Start of Information shown

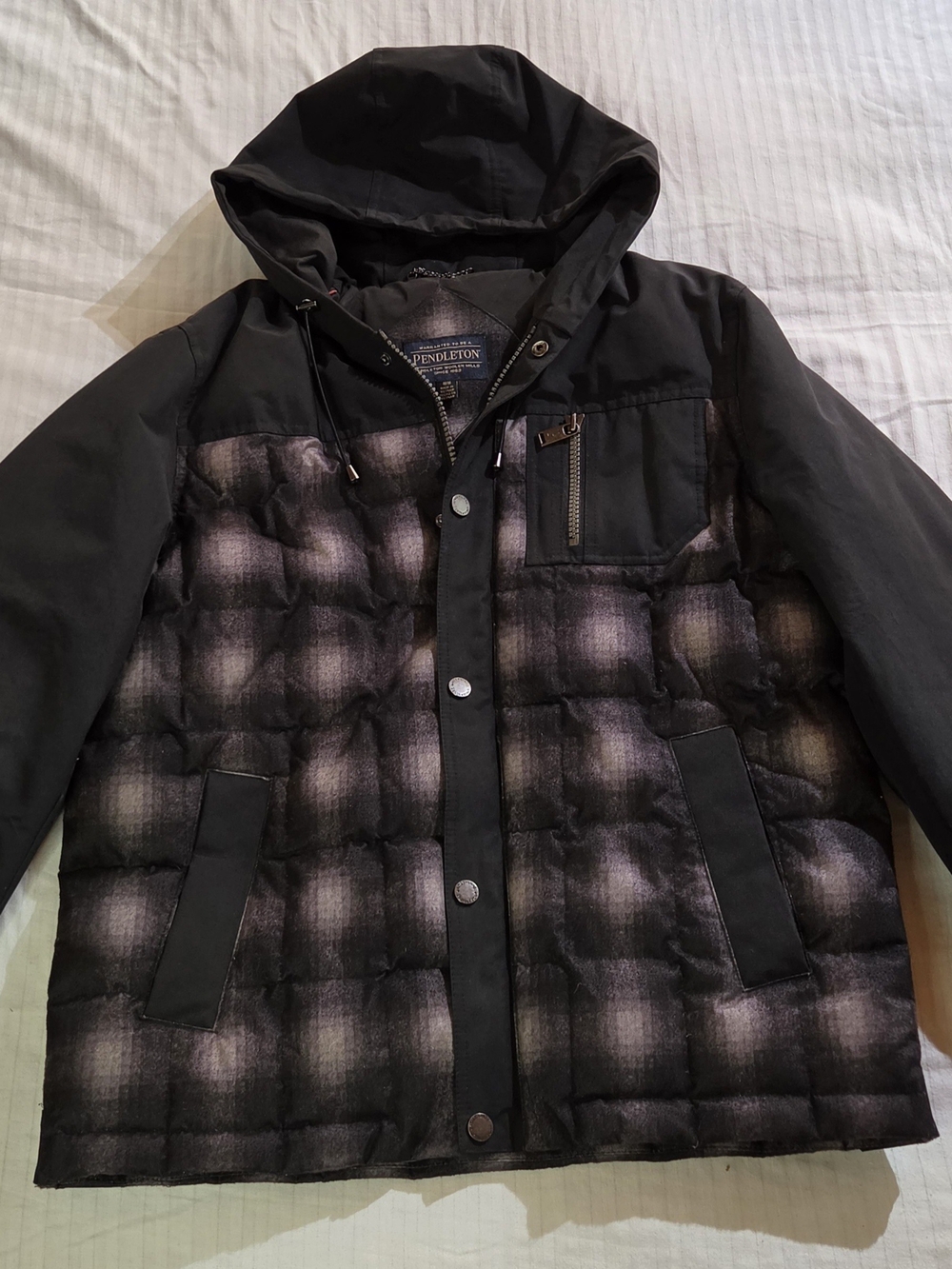 Pendleton Men's Black & Gray Plaid Hooded Puffer Jacket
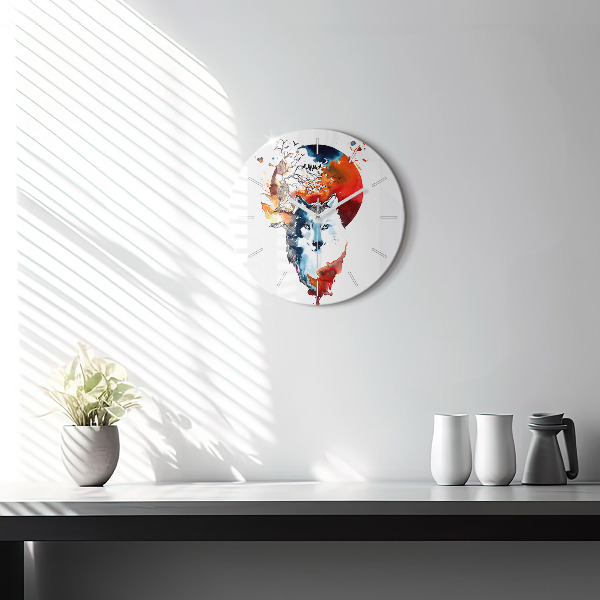 Reloj de pared redondo Hombre Lobo Luna Llena y Luna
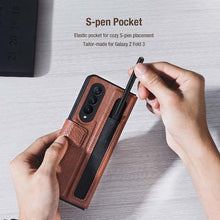 गैलरी व्यूवर में इमेज लोड करें, Casekis Leather Case With S-pen Slot for Galaxy Z Fold 3 5G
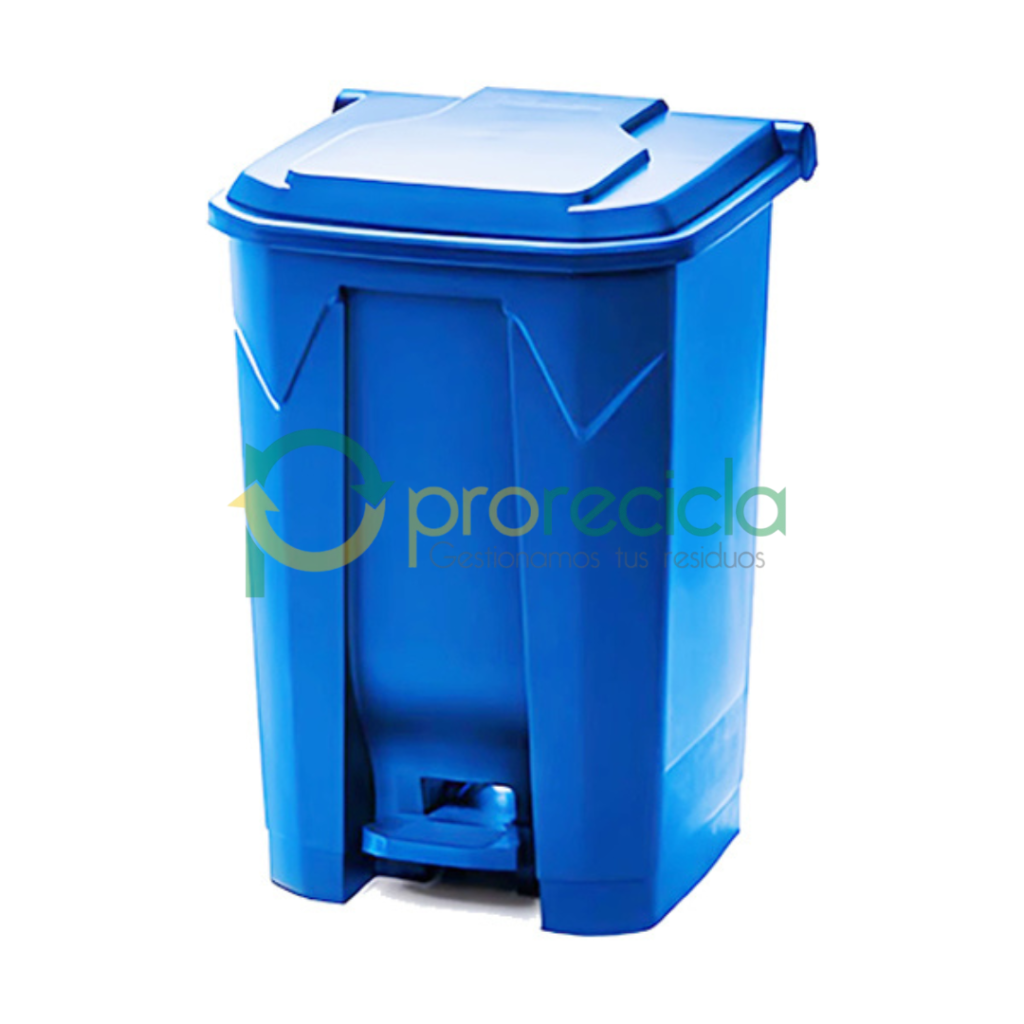 Basurero de reciclaje de 80 litros con pedal central en colores para separación de residuos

End of Information shown

About this task. With the pictures excluded, the line containing "Reloj de pared" and every line after it through the end of the data above are to be transcribed exactly, and nothing more.

Exercise response.
 Reloj de pared redondo Hombre Lobo Luna Llena y Luna
 गैलरी व्यूवर में इमेज लोड करें, Casekis Leather Case With S-pen Slot for Galaxy Z Fold 3 5G
 Basurero de reciclaje de 80 litros con pedal central en colores para separación de residuos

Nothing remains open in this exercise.